World Jewish Congress (WJC) President Ronald S. Lauder has welcomed a proposal put forward by the Dutch government which aims to find a solution to the question of kosher and halal slaughter acceptable to the local Jewish and Muslim communities, instead of banning it outright. "This is good news, and we hope that an arrangement can be found that safeguards the right of the Jewish community to practice kosher slaughter," Lauder declared after Animal Rights Party leader Marianne Thieme’s plan to introduce a ban slaughter without prior stunning on Tuesday night had failed to make it through the Senate, the upper house of the Dutch parliament.
Deputy Minister for Agriculture Henk Bleker presented a compromise proposal to the Senate which calls for agreements with slaughterhouses and the Islamic and Jewish community on the length of time an animal is conscious before dying and the number of animals ritually slaughtered per year. The Senate asked the minister for a letter detailing his plan. Thieme dismissed Bleker's proposal and said she would continue to advocate a complete ban.
Thieme argues that animals that are not stunned before they being killed experience extra stress and pain. Her bill calling for a ban was passed by a large majority in the lower house of parliament in June, but in the Senate only the her own Animal Rights Party, the Freedom Party of Geert Wilders and a few smaller groups came out in favor.
During the debate, the Labor Party, Christian Democrats and the orthodox Christian party were critical of the bill, asking the sponsors of the bill whether suffering of the animal would be sufficiently reduced to warrant such a severe limitation of religious freedom.
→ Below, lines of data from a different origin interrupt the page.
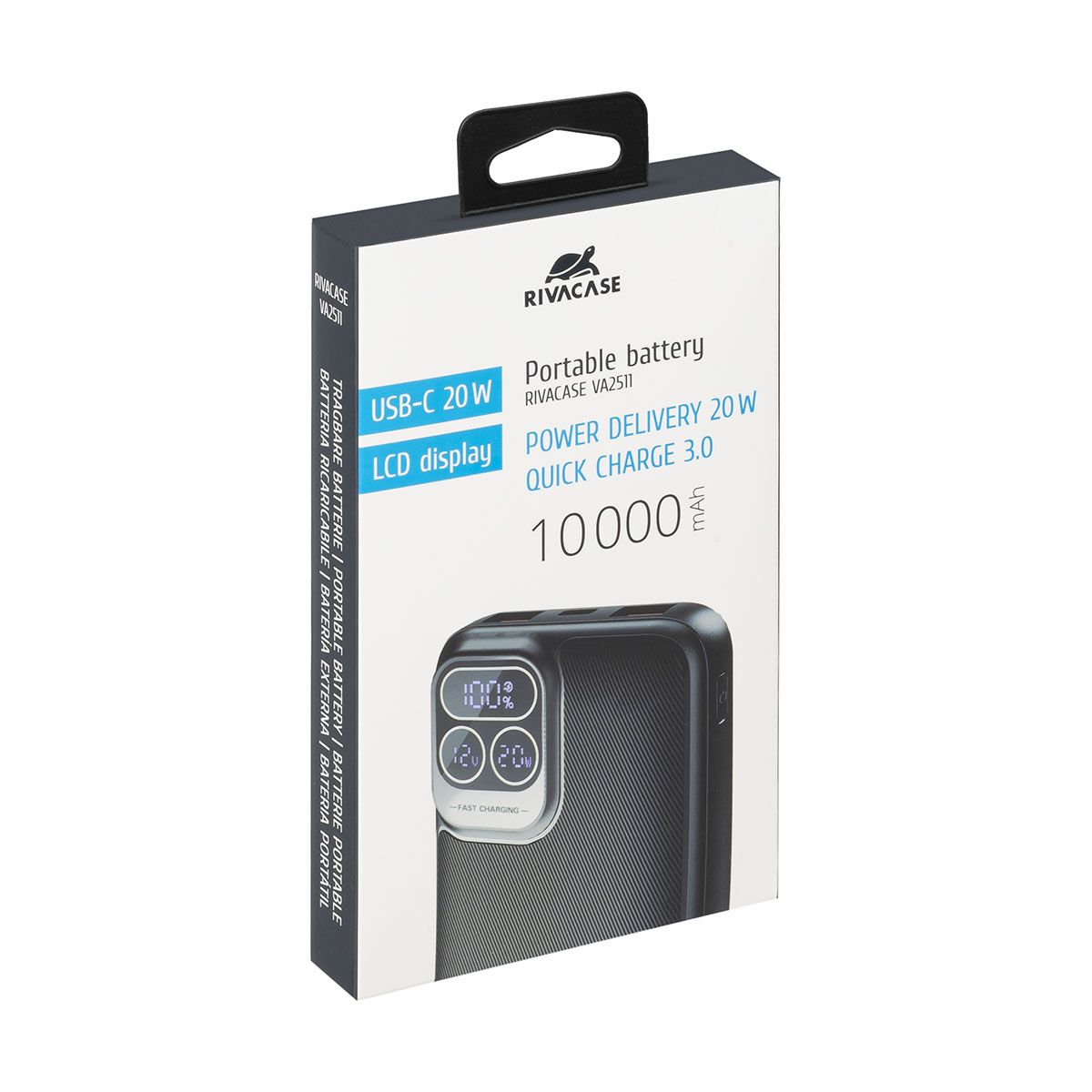 Boîte de batterie portable noire et blanche avec écran LCD et texte.
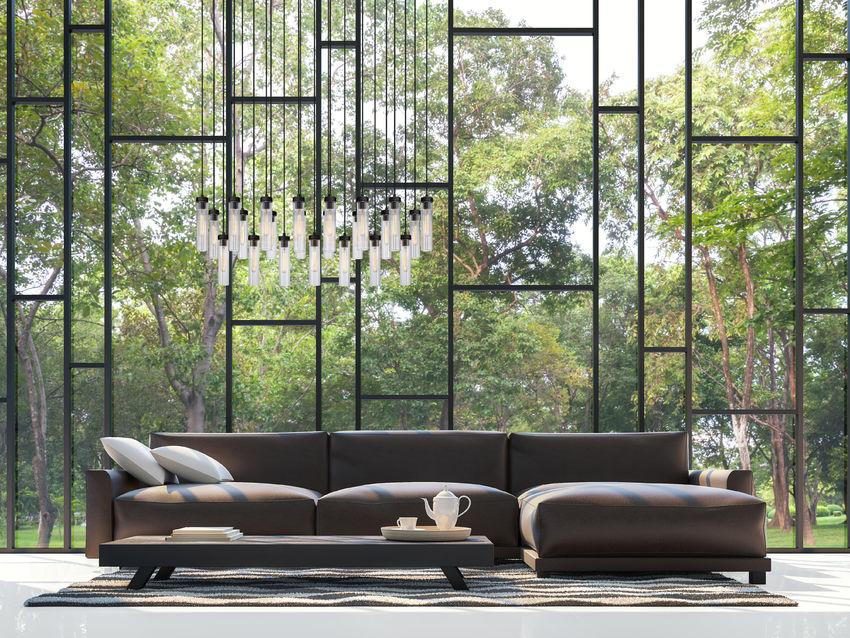 Z-Lite Arden 54" 23-Light Matte Black Steel Clear Glass Shade Linear Chandelier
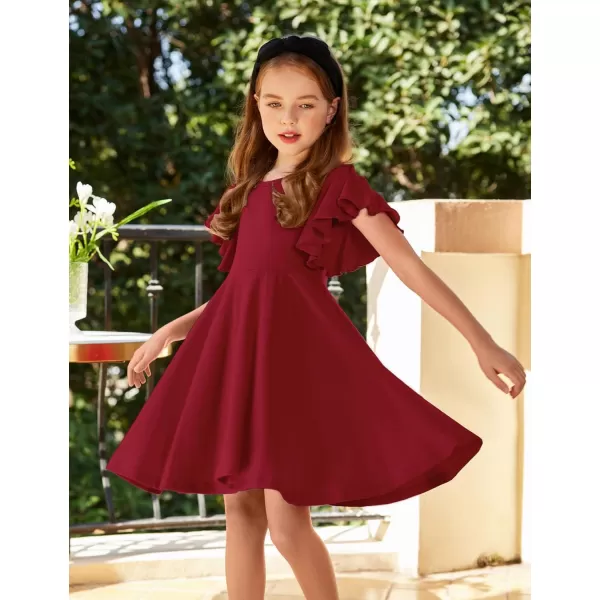Arshiner Girls Dress Butterfly Sleeve Stretch A-Line Swing Skater Twirl School Dress with Pockets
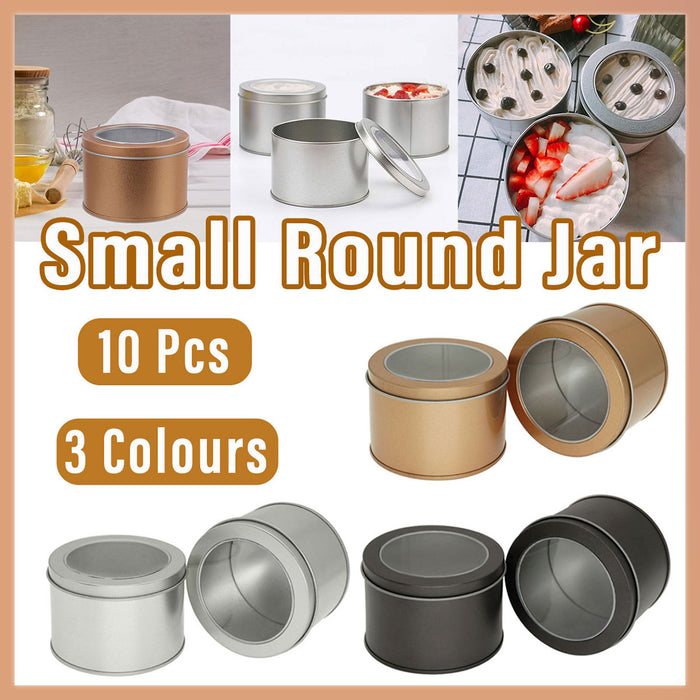 10 Pcs Window Tin Boxes Round Iron 9x6cm Grey Gold Silver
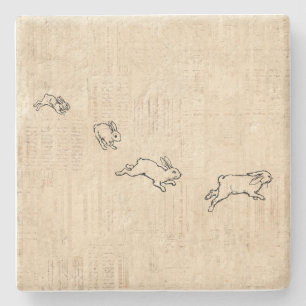 Cute Vintage Bunny Themed Jumping Rabbits Art Stone Coaster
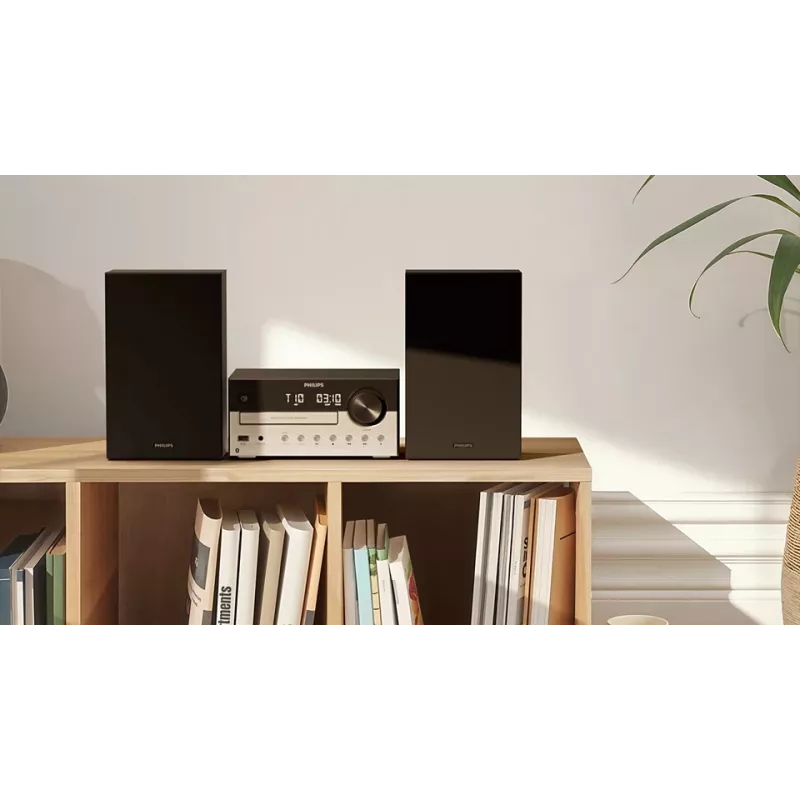 Mājas audio mikrosistēma Philips TAM4205M2/12 — 80 W RMS, 2 ceļu skaļruņi, Bluetooth, FM, LED displejs, paplātes diska ielāde (Melns/Sudraba)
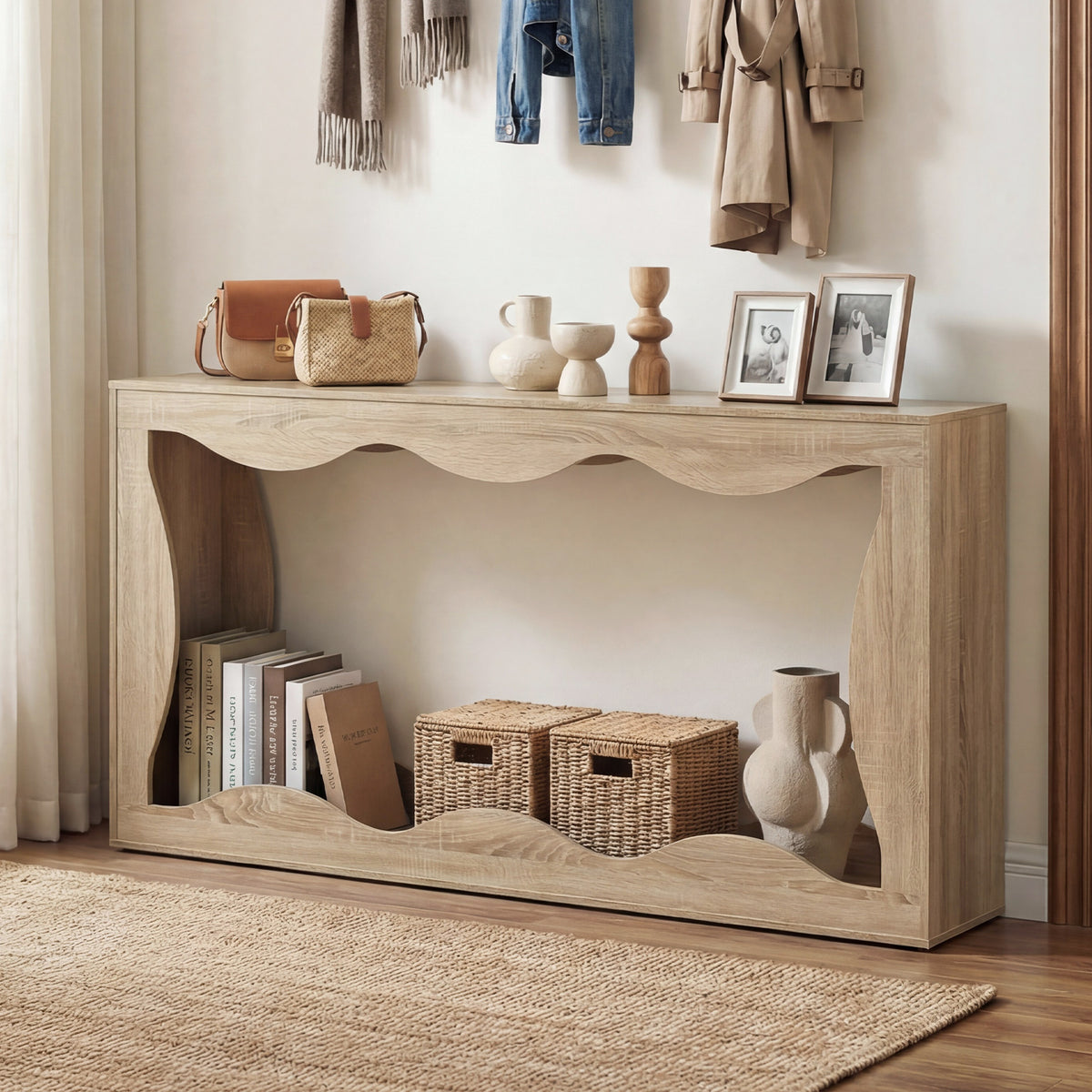 63 Inch Console Table 2-Tier Narrow Entryway Table with Wavy Edge Storage Shelf-Natural view 2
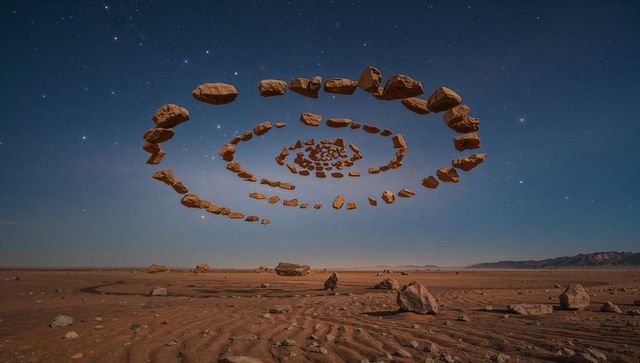 Levitating rock spiral forming glowing vortex over desert under starry night sky, casting shadows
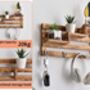 Three Tier Wall Mounted Wood Display Shelf With Hooks, thumbnail 3 of 6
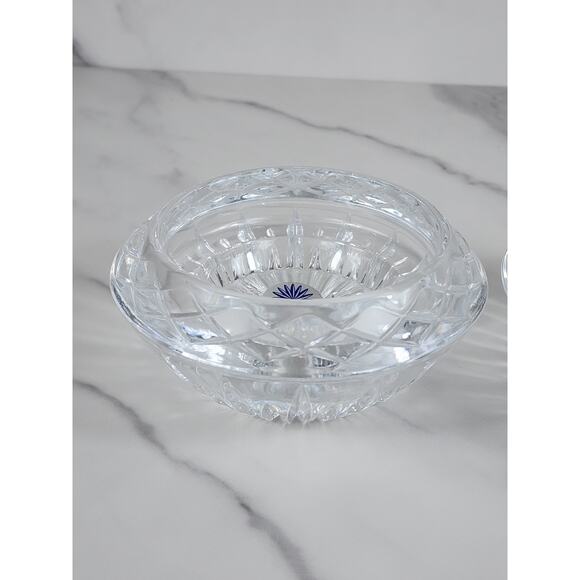 Princess House Candle Holder 4 1/2" Highlights Clear Lead Crystal Reversible x2 - Picture 3 of 15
At the moment, religious slaughter is permitted in the Netherlands by way of a legal exception. Many senators argued that the bill was merely token legislation, arguing that kosher (Jewish) and halal (Muslim) meat would simply be imported from abroad. In the end, it became clear that Thieme did not have a majority of the Senate behind her after the Labor Party decided to oppose the bill.
Senators also criticized the legislation because it states that if slaughterhouses can prove that animals do not undergo extra suffering they may be exempted from the ban - which in effect means a reversal of the burden of proof.
WJC President Ronald Lauder added: “We are grateful that kosher slaughter of animals, which has been continuously practiced by Jews for thousands of years and which is – contrary to the views of some activists – not a cruel practice, is now unlikely to be prohibited in the Netherlands. This is a victory of reason and religious freedom over political zeal.”
Ronnie Eisenmann, chairman of the Jewish Community of Amsterdam, said Jews are relieved "that the Senate wants us to look at improving animal welfare but that it didn’t support the proposed bill... We share the concern for animal welfare and in that sense we have respect for the efforts of Marianne Thieme. Our invitation to her to discuss the possibilities remains. A categorical rejection of the Jewish ritual slaughter is contrary to freedom of religion, as she herself acknowledges."
Ahead of the debate, hundreds of Jews and Muslims had pleaded with senators to reject legislation banning religious slaughter. International leaders, including Lauder, had written to Dutch government ministers and parliamentarians to oppose the ban. Earlier this week, a group of leading US Congressmen from both the Republican and Democratic parties made an appeal to the Dutch Senate to reject the proposed ban. In a letter to Senate Speaker Godefridus de Graaf ten US lawmakers said they were "troubled" by the possibility of a prohibition of religious slaughter in the Netherlands.